= 2015–16 ISU Speed Skating World Cup – World Cup 1 – Men's team sprint =

The men's team sprint race of the 2015–16 ISU Speed Skating World Cup 1, arranged in the Olympic Oval, in Calgary, Alberta, Canada, will be held on 14 November 2015.

The Dutch team won the race, while the American team came second, and the Russian team came third. As this was the first time the event was skated as an official ISU competition, the winning time automatically became the world record.

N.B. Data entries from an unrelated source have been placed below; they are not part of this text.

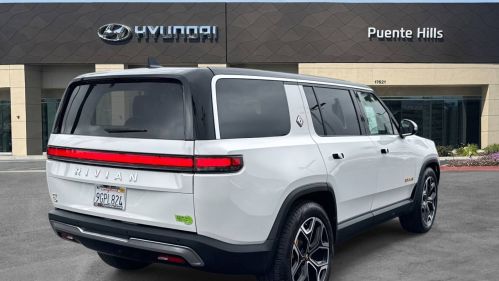 2023 Rivian R1S - Images - 4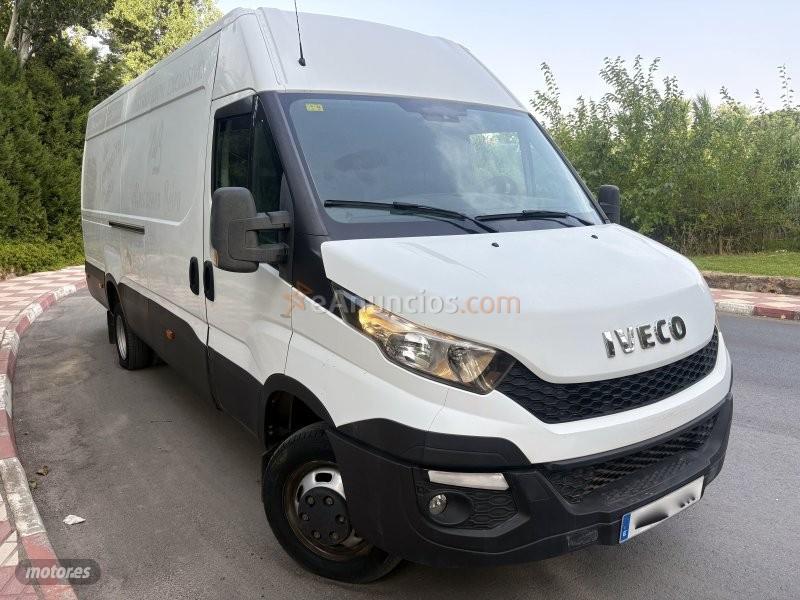 Iveco Daily 3.0d MAXI L ALTA XXL RUEDAS GEMELAS KLIMATIZADOR AC de 2016 con 250.000 Km por 16.900 EUR. en Granada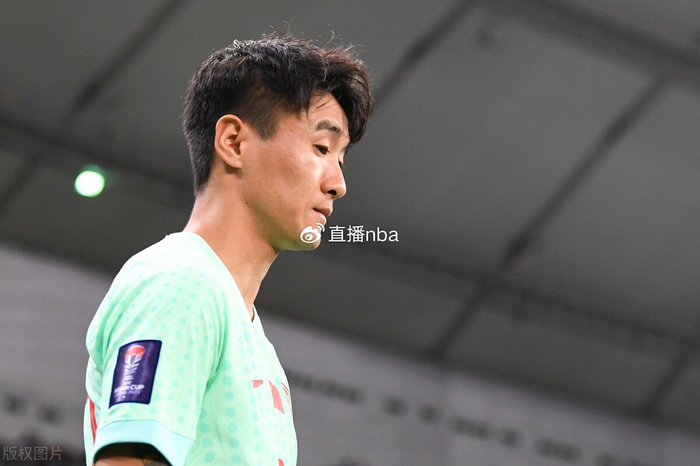 冲刺阶段武汉三镇调整名单：NBA季后赛节点到来，管理层满意，轮换策略成焦点的简单介绍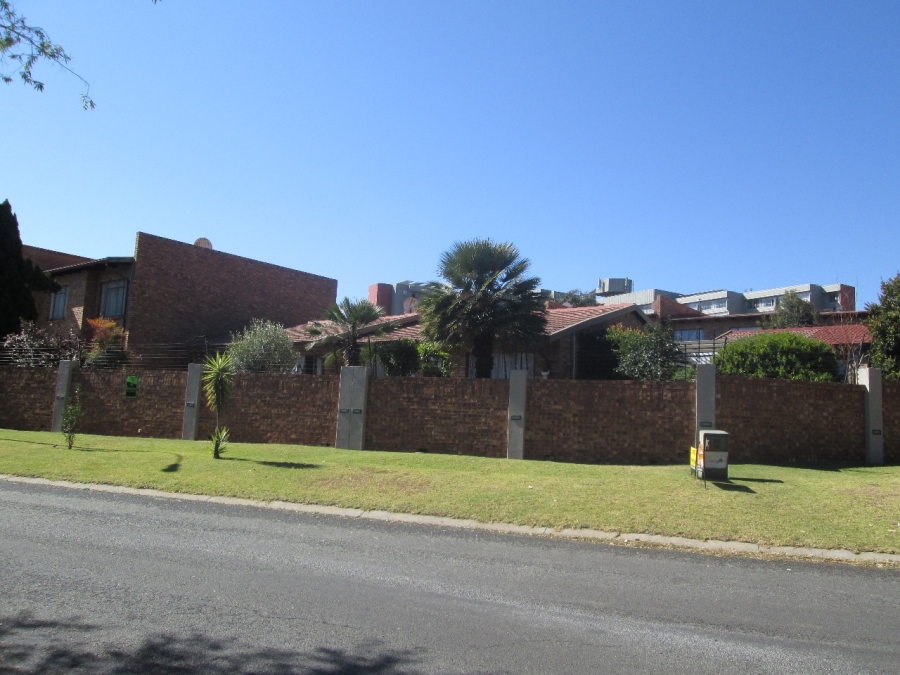 2 Bedroom Property for Sale in Croydon Gauteng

The rest of the results became national records.

==Results==
The race will take place on Saturday, 14 November, in the afternoon session, scheduled at 15:54.

| Rank | Country | Skaters | Pair | Lane | Time | WC points |
| 1st place, gold medalist(s) | Netherlands | Ronald Mulder Kai Verbij Stefan Groothuis | 4 | f | 1:18.79 WR | 100 |
| 2nd place, silver medalist(s) | United States | Mitchell Whitmore Jonathan Garcia Joey Mantia | 3 | c | 1:19.39 NR | 80 |
| 3rd place, bronze medalist(s) | Russia | Ruslan Murashov Artyom Kuznetsov Aleksey Yesin | 3 | f | 1:19.59 NR | 70 |
| 4 | Japan | Tsubasa Hasegawa Daichi Yamanaka Taro Kondo | 1 | c | 1:20.84 NR | 60 |
| 5 | Kazakhstan | Aleksandr Zhigin Fyodor Mezentsev Denis Kuzin | 1 | f | 1:21.30 NR | 50 |
| 6 | Poland | Artur Waś Artur Nogal Piotr Michalski | 2 | f | 1:21:47 NR | 45 |
| 7 | Canada | William Dutton Laurent Dubreuil Vincent De Haître | 4 | c | DQ |  |
| China | Xie Jiaxuan Mu Zhongsheng Yang Fan | 2 | c | DQ |  |

Note: WR = world record, NR = national record.